Closed aliher1911 closed 1 year ago
cc @cockroachdb/replication
To measure how write is affected by clear range we need to run experiment where ranges that receive writes contain enough consecutive data which exceeds kv.gc.clear_range_min_keys
threshold. Only the garbage sequences of same key versions or different keys longer than that would be considered for clear range operations.
We also need to have a write throughput that would not overload cluster by itself.
To measure how write throughput is affected we are going to use KV0 workload. We use 3 node cluster of n1-standard-4 machines (4VCPU/16GB) and run workload form node 4. Experiment steps:
Size of initial import was chosen as --insert-count 500000000
so that subsequent workload didn't break sequences fast enough without giving GC a chance to collect the data. This didn't work in practice as GC required hours to cleanup. So final experiments used shorter cycle of --cycle-length 180000
during workload run to keep keys sufficiently spaced to allow clear range to still be issued.
Clear range enabled:
Clear range disabled:
There's very little difference in number of writes per second, but it is noticeable that with clear range write throughput falls under 2900 just once while without clear range it keeps dropping below mulitple times. So write thoughput is slightly higher with clear range.
Clear range enabled:
Clear range disabled:
At the same time, 99.99 and 99.9 percentiles are worse when clear range is enabled. Write latency is much more spiky. Spikes reaching 7.5s in both configurations.
Clear range enabled:
Clear range disabled:
If we look on overload, CPU goes up from 75% when only workload is running to 95% range when GC is constantly running in parallel with workload. There's no significant difference as nodes are close to capacity when running so much GC. There's no significant difference in read/write bytes and IOPS and network traffic.
Clear range enabled:
Clear range disabled:
One noticeable difference is amount of time taken by GC queue to process all replicas. In case of clear range it took 127 minutes with clear range and 171 minuites without. That gives us 35% improvement in overall GC time while using 94% vs 92% CPU.
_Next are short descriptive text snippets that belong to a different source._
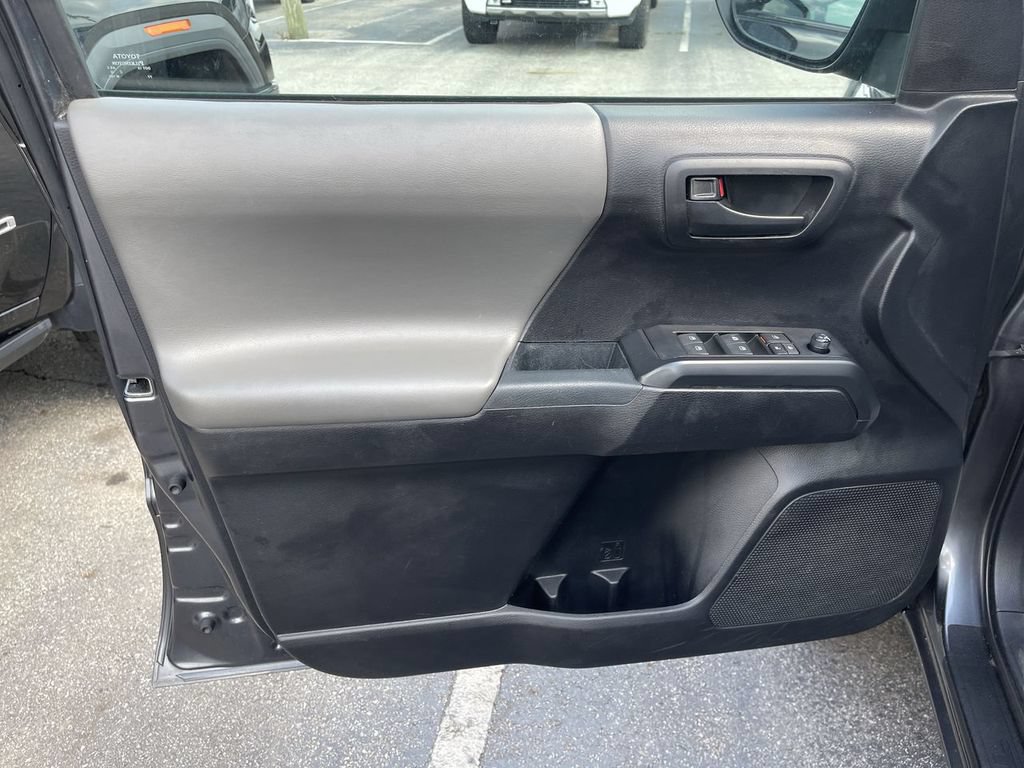 Used 2021 Toyota Tacoma SR AWD/4WD image 3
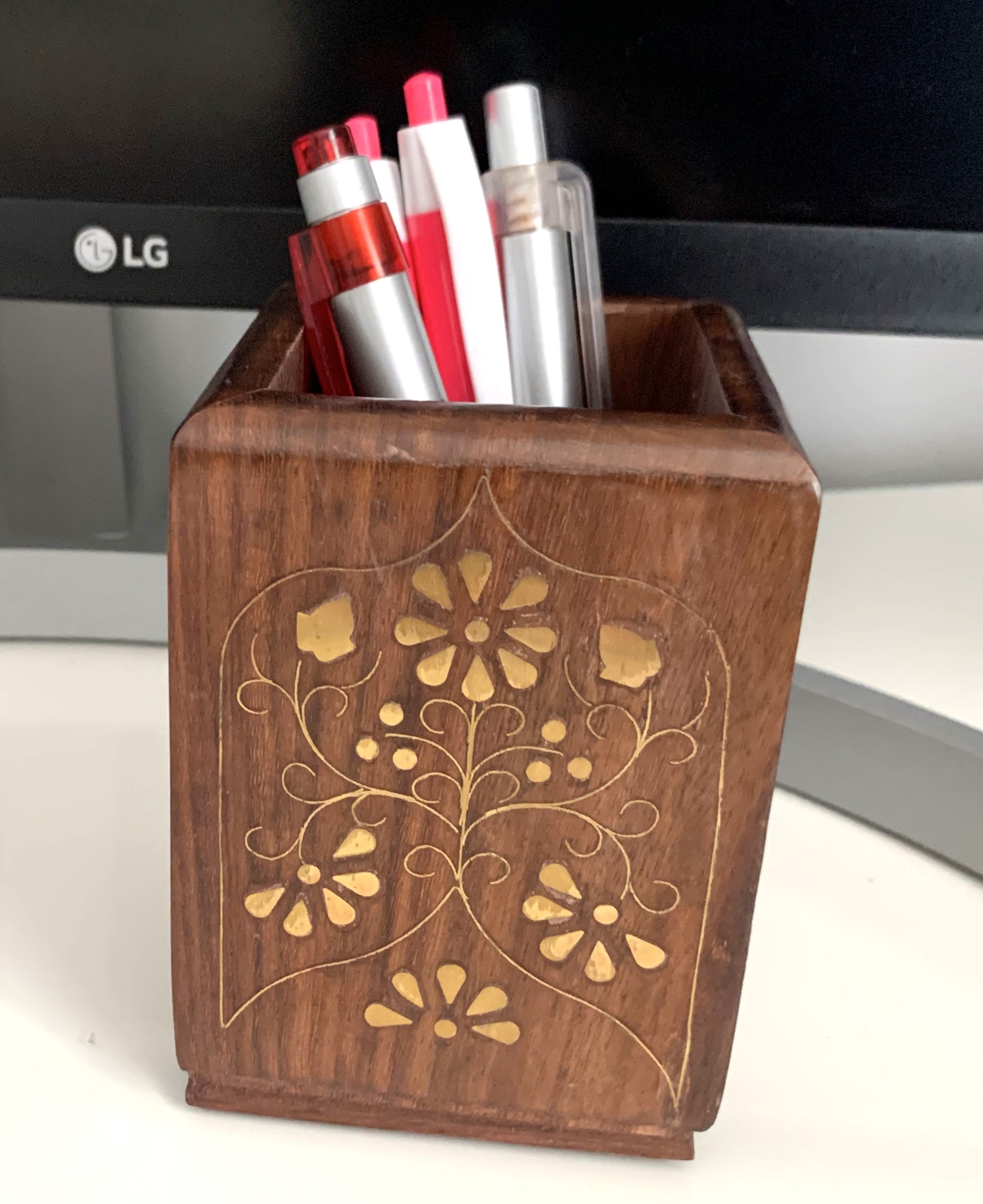Handmade Wooden Pen Stand - Floral Design - Stylla London
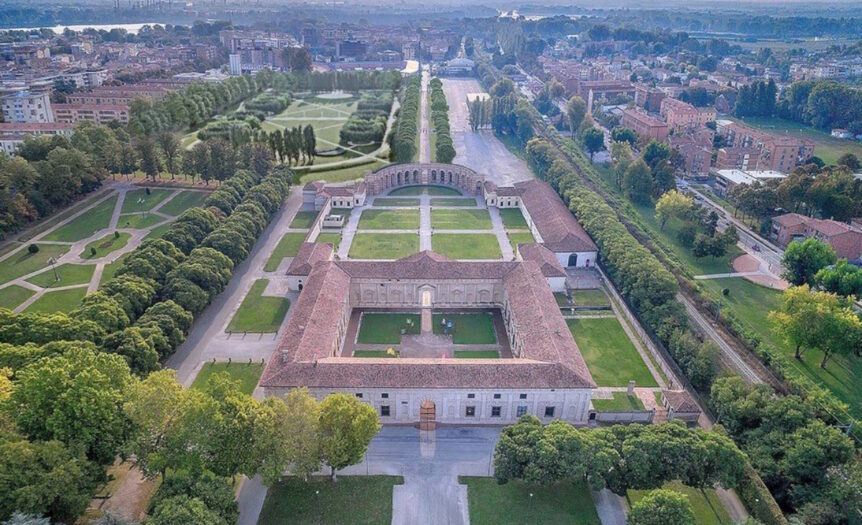 Ritratti di città. Mantova intrappolata nel suo passato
One of unsuccessful experiments was to run workload without specifying cycle length. That lead to new rows "poisoning" range space within first 15 minutes sufficiently so that no more clear range requests could because there were no more long garbage sequences. Within this 15 min time GC started failing clear range requests more and more until it stopped issuing them completely. There were no degradation of service observed beside GC reruns on remaining data in replicas once again.
Another unsuccessful experiment was to lower kv.gc.clear_range_min_keys
to 150 to allow experiment to run with less garbage. The outcome was sufficiently bad to affect writes severely. Because GC only issues a single range per request, but can send multiple point deletes batch sizes in actual number of keys deleted increased significantly which lead to increased CPU usage and node overload on extra requests.
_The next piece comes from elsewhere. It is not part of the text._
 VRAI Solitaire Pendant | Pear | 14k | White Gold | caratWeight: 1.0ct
99.99 and 99.9 percentiles are worse when clear range is enabled. Write latency is much more spiky.
Do you have a sense of why? Is it because the cycle length means that writes stall on clear range latches? Is it because the range tombstones affect write performance? And why do we see these spikes with clearrange disabled, considering we're using latchless GC?
In any case, I'm not sure this workload is very representative, i.e. a cycle whose keys are continually rewritten but only after the GC TTL has passed. Maybe if one considered a periodic ingest/truncate of a table, but in that case one would likely use TRUNCATE TABLE
which would ingest into a different table ID.
Another unsuccessful experiment was to lower
kv.gc.clear_range_min_keys
to 150 to allow experiment to run with less garbage. The outcome was sufficiently bad to affect writes severely. Because GC only issues a single range per request, but can send multiple point deletes batch sizes in actual number of keys deleted increased significantly which lead to increased CPU usage and node overload on extra requests.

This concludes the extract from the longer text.